[Crawled caption data]
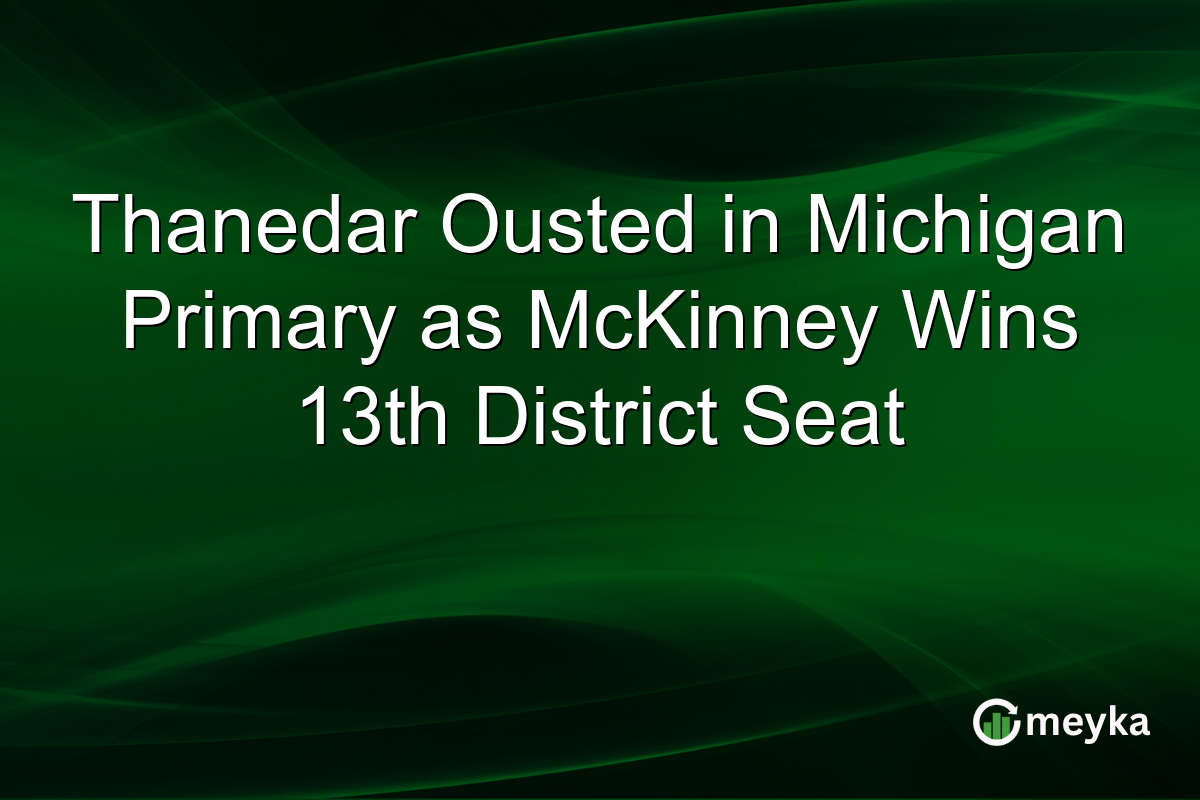 Thanedar Ousted in Michigan Primary as McKinney Wins 13th District Seat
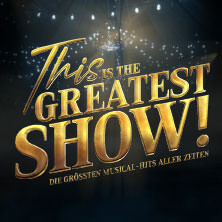this-is-the-greatest-show-die-grossten-musical-hits-aller-zeiten-live-2026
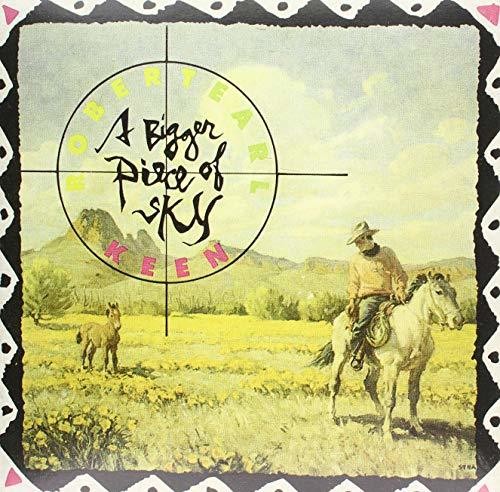 the album cover for Robert Earl Keen - Bigger Piece Of Sky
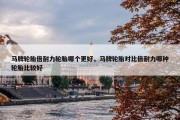马牌轮胎倍耐力轮胎哪个更好，马牌轮胎对比倍耐力哪种轮胎比较好
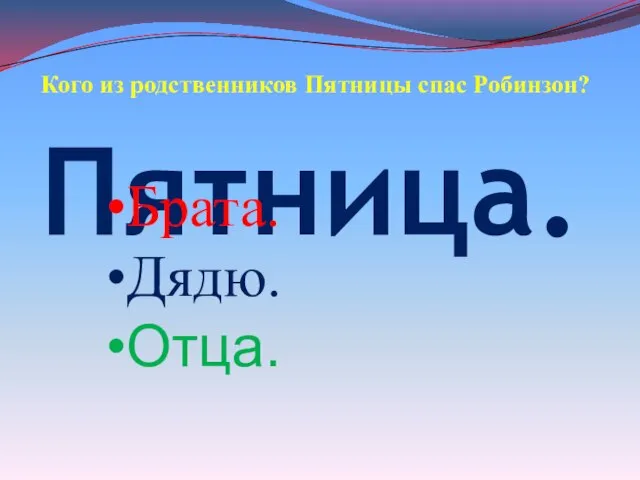 Пятница. Кого из родственников Пятницы спас Робинзон? Брата. Дядю. Отца.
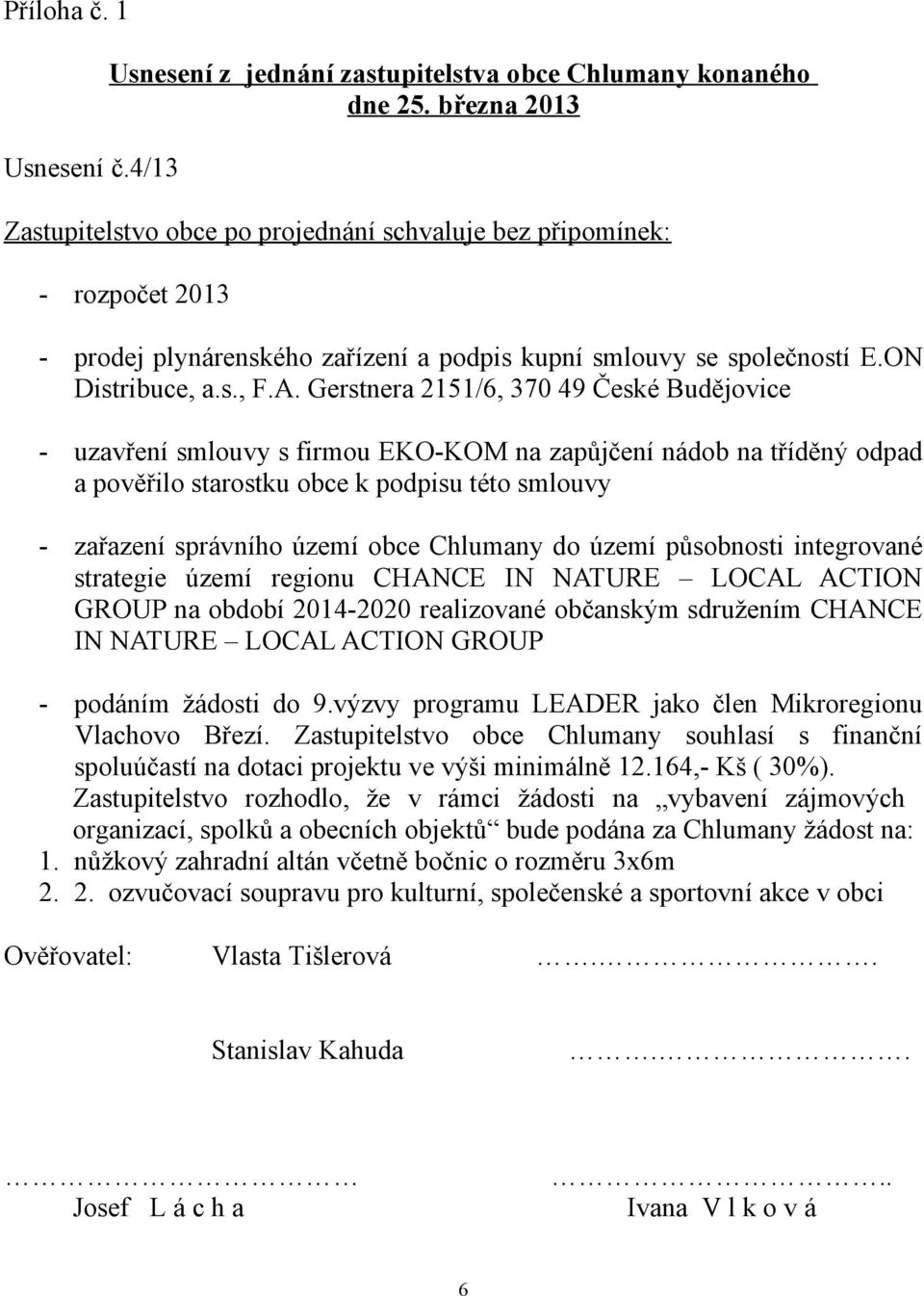 Gerstnera 2151/6, 370 49 České Budějovice - uzavření smlouvy s firmou EKO-KOM na zapůjčení nádob na tříděný odpad a pověřilo starostku obce k podpisu této smlouvy - zařazení správního území obce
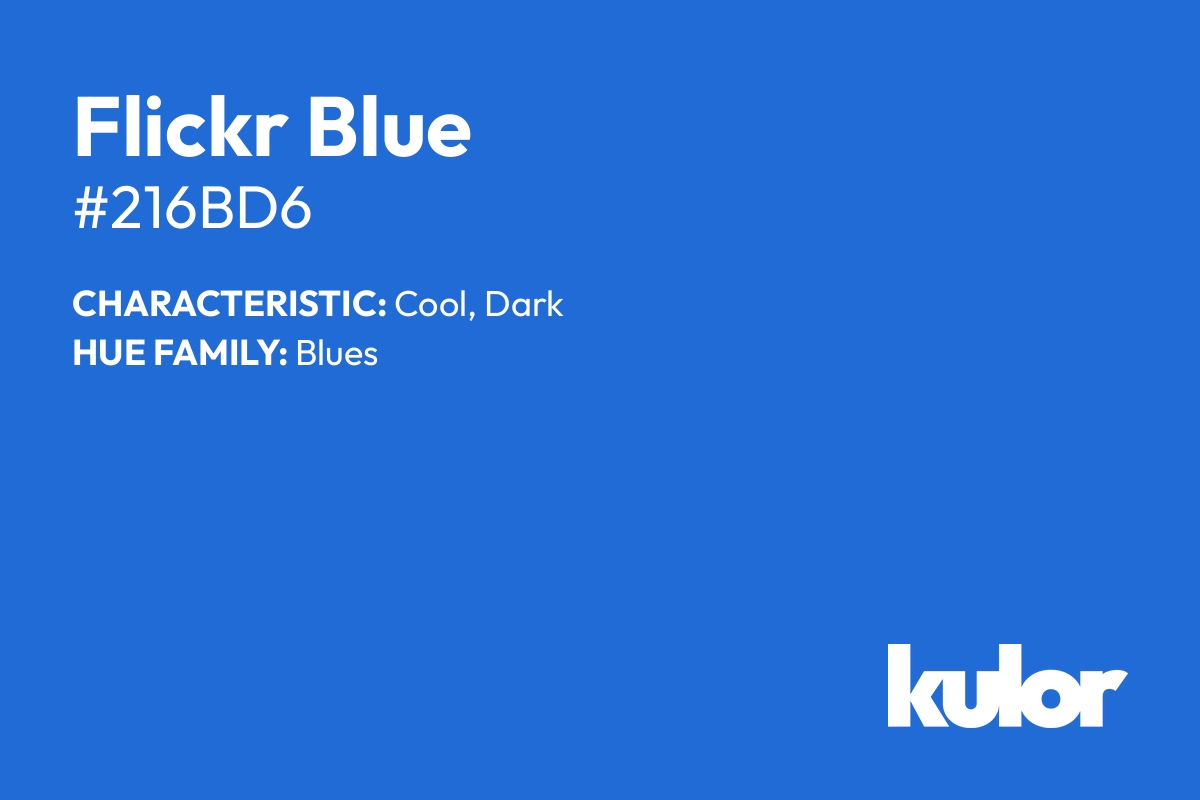 Flickr Blue is a color with a HTML hex code of #216bd6.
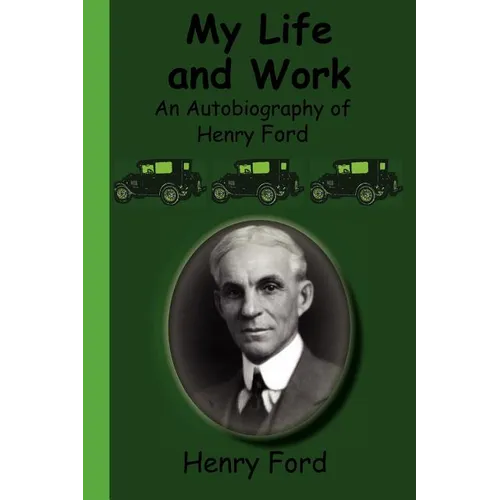 My Life and Work - An Autobiography of Henry Ford - Paperback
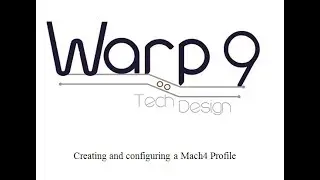 Creating and configuring a Mach4 Profile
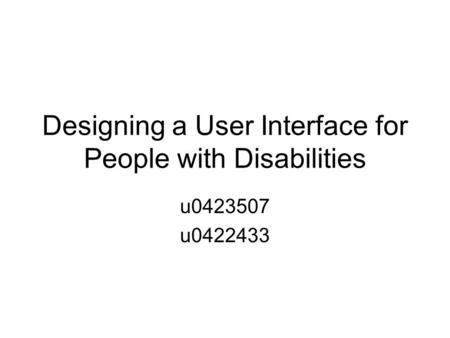 Designing a User Interface for People with Disabilities u0423507 u0422433.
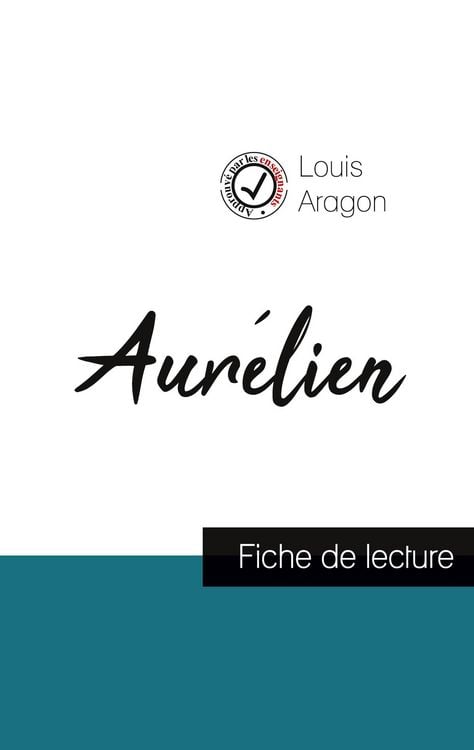 Produktbild: Aur&eacute;lien de Louis Aragon (fiche de lecture et analyse compl&egrave;te de l'oeuvre)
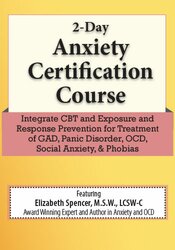 132 - 2-Day CBT for Anxiety -Transformative Skills and Strategies for the Treatment of GAD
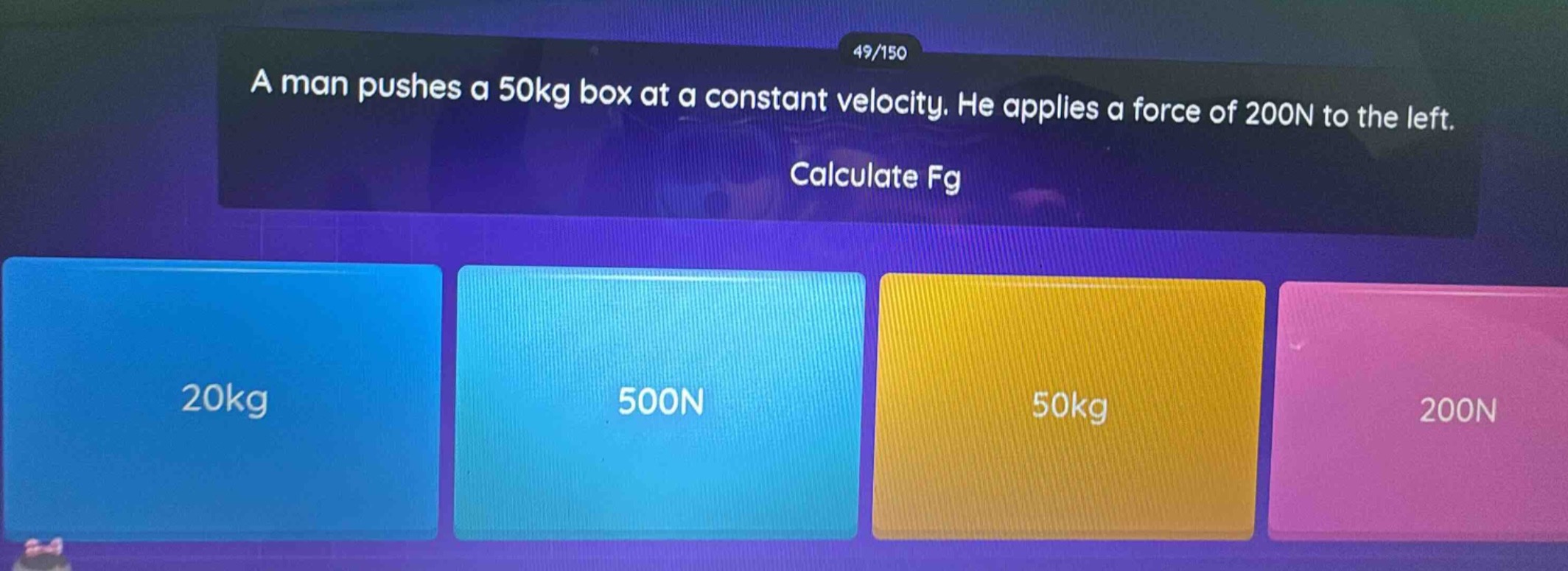 a man pushes a 50kg box at a constant velocity. he applies a force of 200n to the left. calculate fg
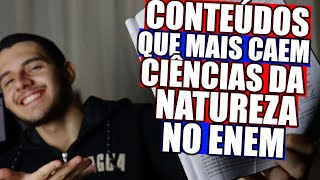 CONTEÚDOS QUE MAIS CAEM EM CIÊNCIAS DA NATUREZA NO ENEM [upl. by Nednerb980]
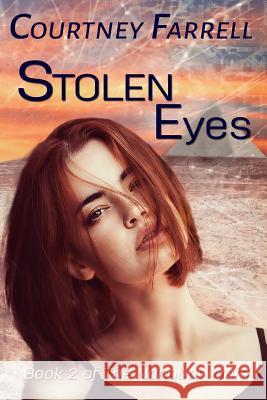 Stolen Eyes: Book 2 of The Nanobot Wars Farrell, Courtney 9780990444961 Courtney Farrell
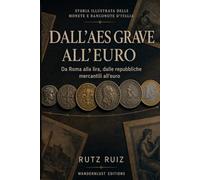 Dall'aes grave all'euro: Storia illustrata delle monete e banconote d'Italia | Da Roma alla lira, dalle repubbliche mercantili all'euro (The Evolution of Everyday Life)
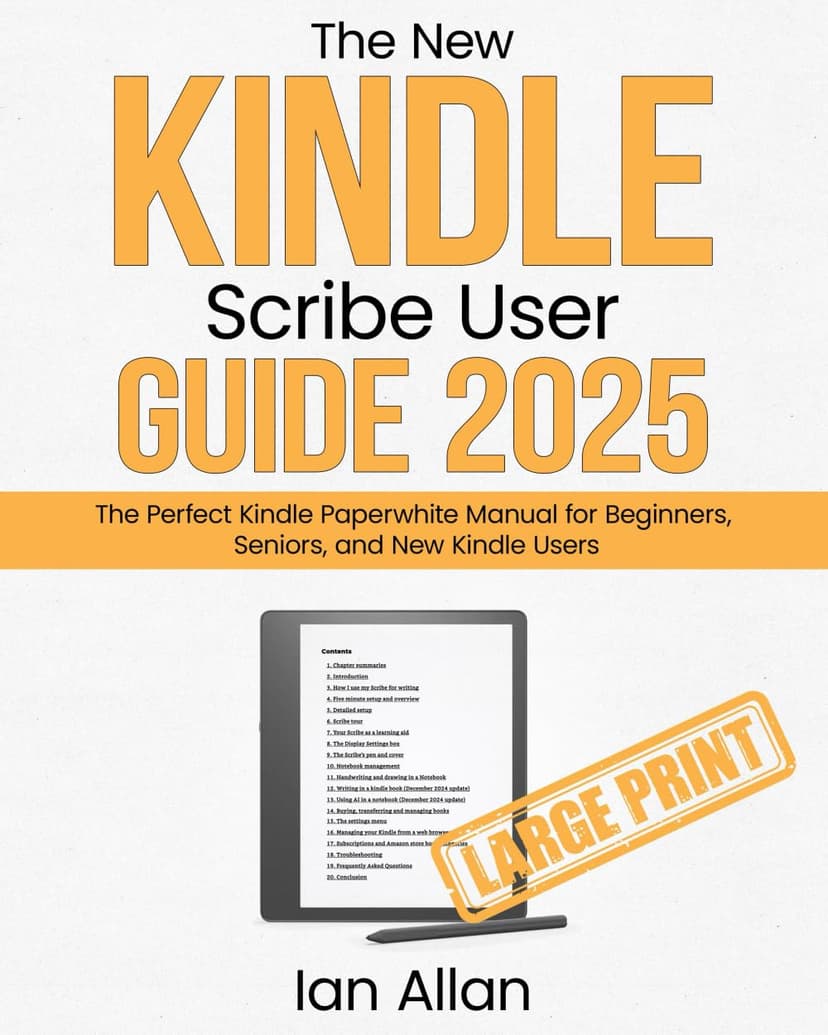 The New Kindle Scribe User Guide 2025: The Perfect Scribe Manual for Writers, Professionals and Paperless Note-Takers (Amazon Kindle Series)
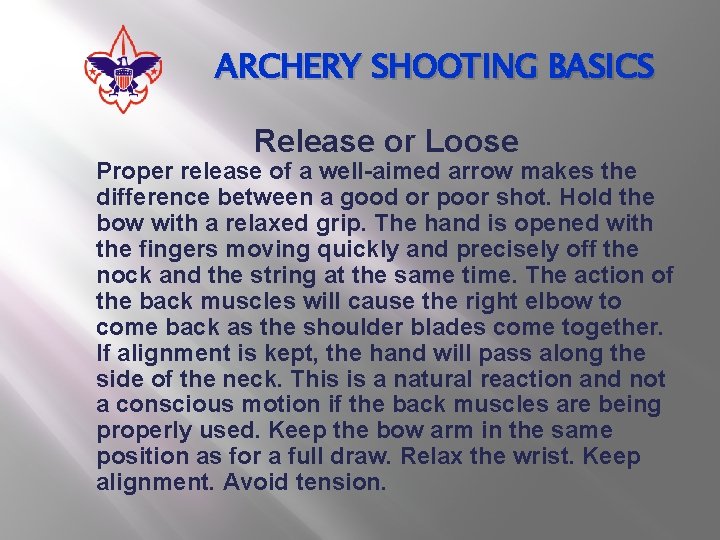 ARCHERY SHOOTING BASICS Release or Loose Proper release of a well-aimed arrow makes the
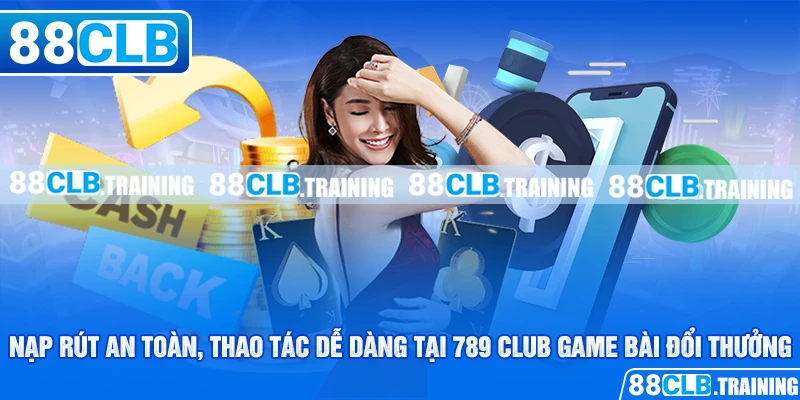 Nạp rút an toàn, thao tác dễ dàng tại 789 club game bài đổi thưởng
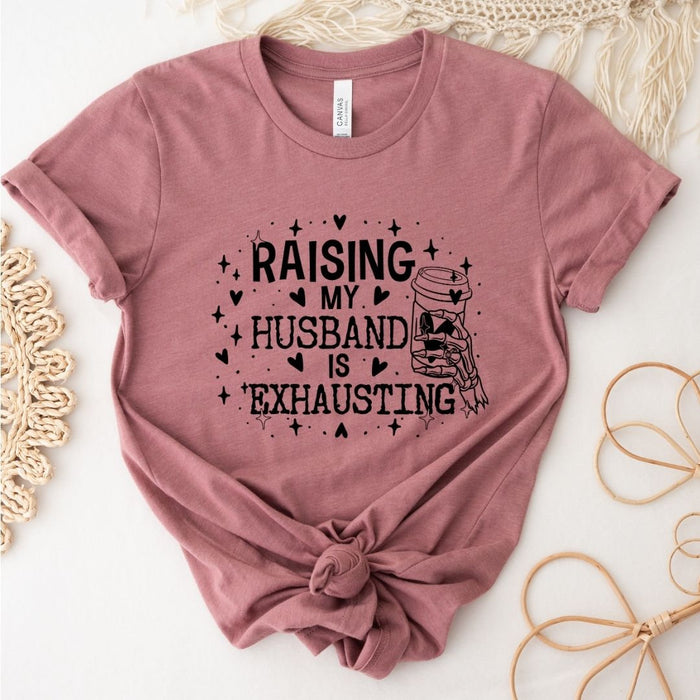 Raising My Husband is Exhausting T-Shirt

▶ _DESCRIPTION OF THE TASK_
After locating the line containing "Produktbild: Aur&eacute;lien de" in the entries above, return it and every line after it exactly, ending at the line containing "a man pushes", without pictures.

▶ _EXERCISE SOLUTION_
 Produktbild: Aur&eacute;lien de Louis Aragon (fiche de lecture et analyse compl&egrave;te de l'oeuvre)
 132 - 2-Day CBT for Anxiety -Transformative Skills and Strategies for the Treatment of GAD
 a man pushes a 50kg box at a constant velocity. he applies a force of 200n to the left. calculate fg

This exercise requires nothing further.